Let $$c(u_1,u_2) = 1 + \alpha(1- 2u_1)(2- 2u_2)$$ where $u_1, u_2 \in (0,1)$.
The question is, for which $\alpha$ is the function $c$ a copula density for $(U_1, U_2)$.
So my idea was to compute the integral of $c$ on $[0,1]^2$, and see for which $\alpha$ is the integral equal to 1. But $$\int_0^1\int_0^1 c(u_1,u_2)\ du_1 du_2 = 1$$ for any $\alpha \in \mathbb{R}$. The answer is apparently $\alpha \in [-1,-1]$, why is that?

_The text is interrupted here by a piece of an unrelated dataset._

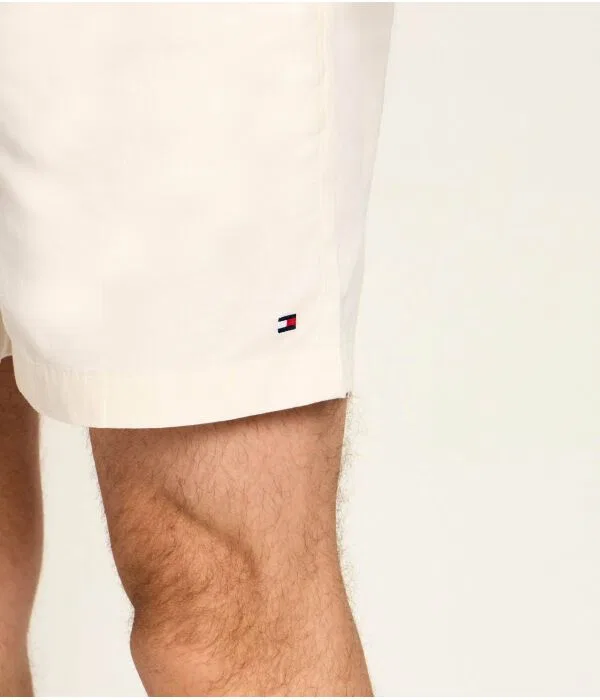 Мужские шорты классические DOVER Tommy Hilfiger, Écru — фото 4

There must be a mistake in your question formulation because what you present cannot be a copula. For one, a copula should satisfy
$$u_1=C(u_1,1)=\int_0^1 c(u_1,u_2)du_2 = 1+\alpha(1-2u_1)$$
But this can not be satisfied for any value of $\alpha$.
I suspect what you meant was to check if
$$c(u_1,u_2) = c(u_1,u_2) = 1 + \alpha(1- 2u_1)(1- 2u_2)$$
is a copula. Note the difference in the second factor of the second term.
In that case, checking that this is a copula density corresponds to checking the conditions of the definition. Note that the first two conditions are trivial to check. The third condition is equivalent to checking that the density is positive. Now, $-1 \leq (1-2u_1)(1-2u_2) \leq 1$, thus the density can only be positive if $\alpha \in [-1,1]$.